Vous en reprendrez bien... ("Personal Jesus", Johnny Cash)

Nouvelle rubrique, toujours en musique. "Vous en reprendrez bien..." vous propose de découvrir des standards de la musique pop rock revus et corrigés par d'autres artistes connus ou pas. Comme il faut bien commencer et qu'il vaut mieux commencer bien, ce premier épisode marque la rencontre d'un groupe culte et d'une légende.
Personal Jesus de Depeche Mode a en effet été reprise en 2002 pour l'album American IV. La force mélodique des cordes country revisite avec imagination et énergie un titre culte de la New wave et... ça le fait quand même bien.
Je vous laisse en juger.



Bien à vous,
Benny

mardi 11 janvier 2011

Clip, clip, clip Hourra : "I believe in a thing called love" (The Darkness, 2003)

J'avais prévu de laisser tomber. Cette rubrique, je veux dire : au départ, je voulais proposer des clips pendant une petite année et passer à autre chose. Sauf que je ne suis pas complètement satisfait de ce que je vous ai montré (lire: j'aurais pu faire mieux) et que, hier soir, mon pote Ray m'a montré ce qui suit.
Là, je me suis dit : "OK, on remet le couvert pour un an : y a pas moyen".
Voici donc la suite de la série consacrée aux clips qui méritent le coup d'oeil, avec un joli morceau de n'importe quoi signé The Darkness. Ce groupe est composé de quatre musiciens anglais qui puisent leur inspiration dans de multiples références rock, de AC/DC à Aerosmith... mais c'est sans doute avec Queen que la filiation est la plus forte.
Véritable tribute au glam rock qui sait voir plus loin, leur album Permission to Land est sorti en 2003 et compte un joli nombre de titres réussis, de Black Shuck à Love is Only a Feeling. La signature vocale de Justin Hawkins est très particulière et c'est ce qui fait que ce groupe a une place singulière dans le rock des années 2000: on croirait qu'il a vingt ans de plus.
Un peu comme ce clip kitschissime et du coup assez énorme...



Bien à vous,
Benny

mercredi 5 janvier 2011

Les Voeux sont faits

Connecting people, dit la pub d'un célèbre opérateur de téléphone mobile. Conneries. Quand arrive enfin le premier janvier, je kiffe les textos sympas. Les textos un peu persos, quoi. Je n'ai rien contre le petit message envoyé à 153 expéditeurs et qui dit "Comme Eric Woerth, 2010 s'en est allée, vive l'année 2011 avec Alain Juppé. Je pense à vous. Signé : Boubou" (quoique...): c'est toujours bon de faire partir du "club VIP de la carte SIM de Boubou", mais moi j'aime pas faire ça. Pas mon truc.
Je fais partie de ceux qui envoient des messages individualisés. Ces textoteurs communément appelés "iPoires". Non parce que, il faut comprendre ce que cela implique. Ca veut dire s'isoler dans un coin pendant approximativement une heure et pianoter frénétiquement sur son smartphone. Et mine de rien, quand vous faites ça en soirée - être sociable à distance, en un sens - ben vous avez de fortes chances pour passer pour un bel autiste.
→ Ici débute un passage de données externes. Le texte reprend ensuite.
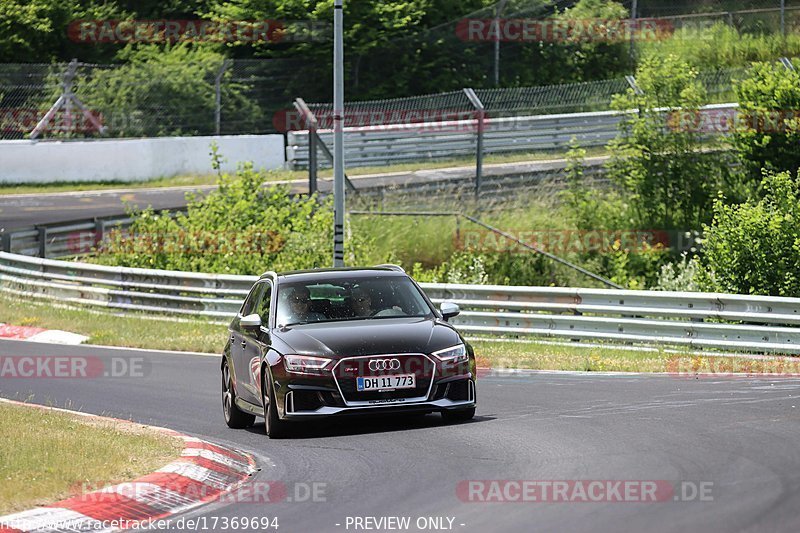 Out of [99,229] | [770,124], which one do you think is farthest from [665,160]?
[99,229]

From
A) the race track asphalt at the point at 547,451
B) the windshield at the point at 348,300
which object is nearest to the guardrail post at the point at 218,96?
the race track asphalt at the point at 547,451

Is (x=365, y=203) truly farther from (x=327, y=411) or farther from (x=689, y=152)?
(x=327, y=411)

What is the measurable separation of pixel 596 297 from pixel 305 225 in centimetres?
987

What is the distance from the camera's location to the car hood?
11742 mm

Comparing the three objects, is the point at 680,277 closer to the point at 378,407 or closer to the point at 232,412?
the point at 232,412

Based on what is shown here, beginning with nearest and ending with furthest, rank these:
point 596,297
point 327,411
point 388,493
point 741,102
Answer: point 388,493 → point 327,411 → point 596,297 → point 741,102

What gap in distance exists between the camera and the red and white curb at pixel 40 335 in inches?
933

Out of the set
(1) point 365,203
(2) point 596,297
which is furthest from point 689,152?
(2) point 596,297

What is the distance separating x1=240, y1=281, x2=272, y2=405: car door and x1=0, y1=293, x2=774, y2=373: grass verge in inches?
218

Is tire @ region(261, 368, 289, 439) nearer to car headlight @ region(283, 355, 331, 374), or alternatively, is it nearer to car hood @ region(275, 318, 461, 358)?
car headlight @ region(283, 355, 331, 374)

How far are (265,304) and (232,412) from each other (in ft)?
3.66

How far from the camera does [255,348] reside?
42.0 ft

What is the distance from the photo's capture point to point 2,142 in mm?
40938

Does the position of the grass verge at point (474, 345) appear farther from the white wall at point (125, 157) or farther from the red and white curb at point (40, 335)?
the white wall at point (125, 157)
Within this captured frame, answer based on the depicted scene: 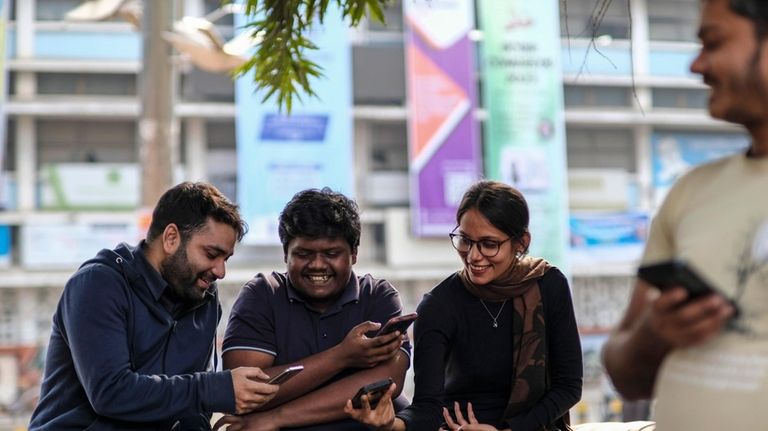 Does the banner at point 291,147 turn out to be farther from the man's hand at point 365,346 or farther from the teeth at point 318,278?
the man's hand at point 365,346

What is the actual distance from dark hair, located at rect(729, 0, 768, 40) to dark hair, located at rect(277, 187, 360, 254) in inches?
81.1

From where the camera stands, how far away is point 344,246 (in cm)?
361

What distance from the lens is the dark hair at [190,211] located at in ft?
11.7

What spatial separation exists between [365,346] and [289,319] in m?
0.36

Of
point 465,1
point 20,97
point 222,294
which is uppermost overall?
point 465,1

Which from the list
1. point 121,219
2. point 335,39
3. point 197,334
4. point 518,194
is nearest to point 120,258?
point 197,334

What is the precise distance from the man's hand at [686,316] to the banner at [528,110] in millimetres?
19037

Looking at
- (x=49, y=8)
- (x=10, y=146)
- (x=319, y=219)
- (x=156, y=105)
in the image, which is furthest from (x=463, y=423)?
(x=49, y=8)

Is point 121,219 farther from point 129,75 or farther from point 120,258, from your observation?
point 120,258

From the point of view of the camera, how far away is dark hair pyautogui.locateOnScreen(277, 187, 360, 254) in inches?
141

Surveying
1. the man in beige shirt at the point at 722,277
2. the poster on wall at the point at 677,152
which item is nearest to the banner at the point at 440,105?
A: the poster on wall at the point at 677,152

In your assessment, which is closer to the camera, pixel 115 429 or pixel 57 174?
pixel 115 429

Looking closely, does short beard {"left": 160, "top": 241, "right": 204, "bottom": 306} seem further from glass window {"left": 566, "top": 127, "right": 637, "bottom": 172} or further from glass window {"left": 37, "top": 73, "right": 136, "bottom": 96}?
glass window {"left": 566, "top": 127, "right": 637, "bottom": 172}

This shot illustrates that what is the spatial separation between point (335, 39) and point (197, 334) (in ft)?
57.2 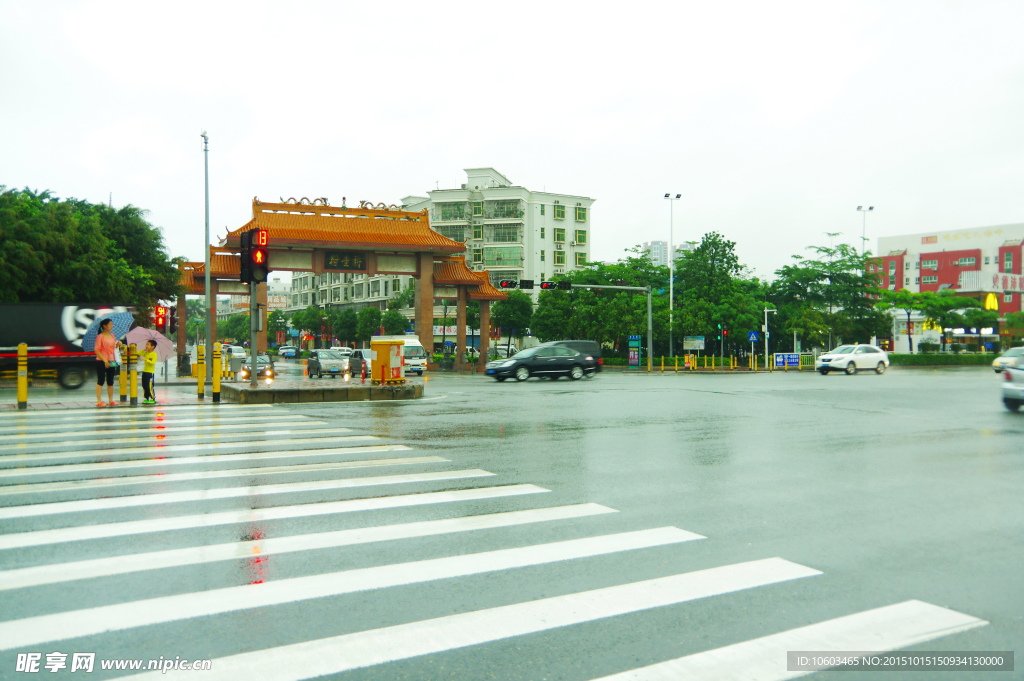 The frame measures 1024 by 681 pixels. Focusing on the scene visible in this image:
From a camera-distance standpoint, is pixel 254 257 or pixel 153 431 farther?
pixel 254 257

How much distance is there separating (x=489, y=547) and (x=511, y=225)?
260ft

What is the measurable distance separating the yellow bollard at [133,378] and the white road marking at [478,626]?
48.1 feet

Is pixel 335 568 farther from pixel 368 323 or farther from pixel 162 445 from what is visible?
pixel 368 323

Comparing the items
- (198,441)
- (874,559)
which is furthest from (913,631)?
(198,441)

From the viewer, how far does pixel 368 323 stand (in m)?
80.4

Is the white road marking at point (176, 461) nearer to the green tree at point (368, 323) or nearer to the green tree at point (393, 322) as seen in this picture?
the green tree at point (393, 322)

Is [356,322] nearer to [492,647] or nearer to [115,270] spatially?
[115,270]

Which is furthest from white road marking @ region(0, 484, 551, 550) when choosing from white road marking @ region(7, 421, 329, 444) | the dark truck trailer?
the dark truck trailer

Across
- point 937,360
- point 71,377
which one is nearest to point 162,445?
point 71,377

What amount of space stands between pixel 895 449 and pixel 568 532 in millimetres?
6396

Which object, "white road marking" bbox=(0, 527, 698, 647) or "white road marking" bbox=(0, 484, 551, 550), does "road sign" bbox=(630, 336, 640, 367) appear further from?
"white road marking" bbox=(0, 527, 698, 647)

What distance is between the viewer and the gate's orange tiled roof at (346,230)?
39.2 m

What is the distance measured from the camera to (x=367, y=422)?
1289cm

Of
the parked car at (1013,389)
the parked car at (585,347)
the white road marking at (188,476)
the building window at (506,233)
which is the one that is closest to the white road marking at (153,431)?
the white road marking at (188,476) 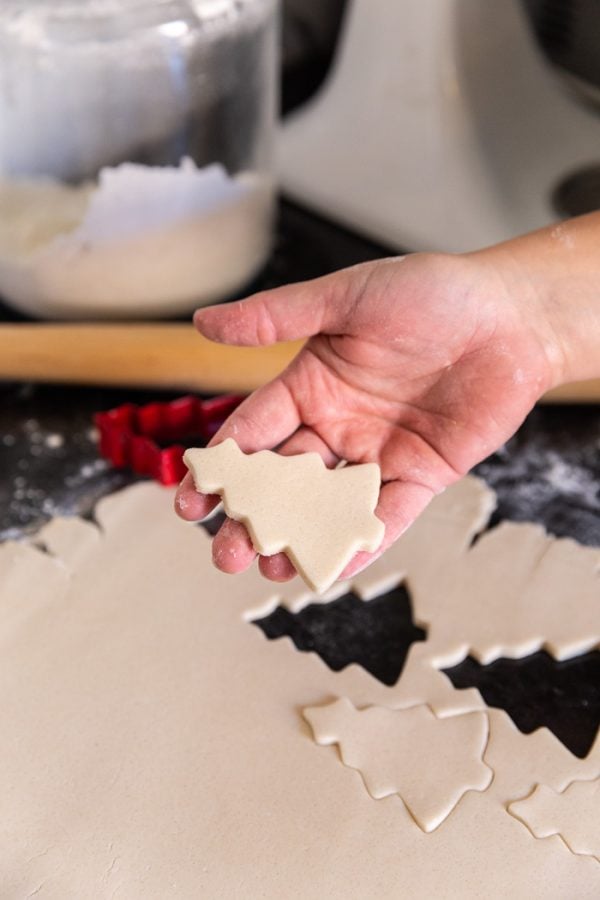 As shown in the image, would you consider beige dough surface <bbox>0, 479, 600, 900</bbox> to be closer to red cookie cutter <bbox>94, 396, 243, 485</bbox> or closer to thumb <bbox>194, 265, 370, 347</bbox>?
red cookie cutter <bbox>94, 396, 243, 485</bbox>

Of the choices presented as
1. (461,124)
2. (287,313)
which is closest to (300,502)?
(287,313)

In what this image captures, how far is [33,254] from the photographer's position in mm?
1646

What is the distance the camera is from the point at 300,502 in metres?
1.13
"Te voir quand je vais au chouette..."
A plus forte raison quand le chrono est enclenché. Ben oui : à minuit, on débouche le champagne. A minuit, souvent, on songe à se laisser aller: certains et certaines commencent à se tourner autour pour finir la soirée/Débuter l'année de la meilleure des façons. Donc pas question de traîner. Et vous vous retrouvez à taper à toute vitesse sur le clavier numérique. Façon Usain Bolt de l'Azerty.
A ceci près que Usain, pour le coup, il a souvent bien arrosé le repas avant l'heure H et n'est plus d'une parfaite agilité au moment de taper. En gros, quelqu'un lui a mis des barrières de 110 m haies sur sa route et le terrain est salement en pente. Voilà comment on se retrouve à envoyer un truc du genre "Te voir quand je vais au chouette, c'est toujours bureau de croiser ton regard". Ce qui dénote une réelle volonté de dire un joli truc mais n'a, fondamentalement, pas beaucoup de sens...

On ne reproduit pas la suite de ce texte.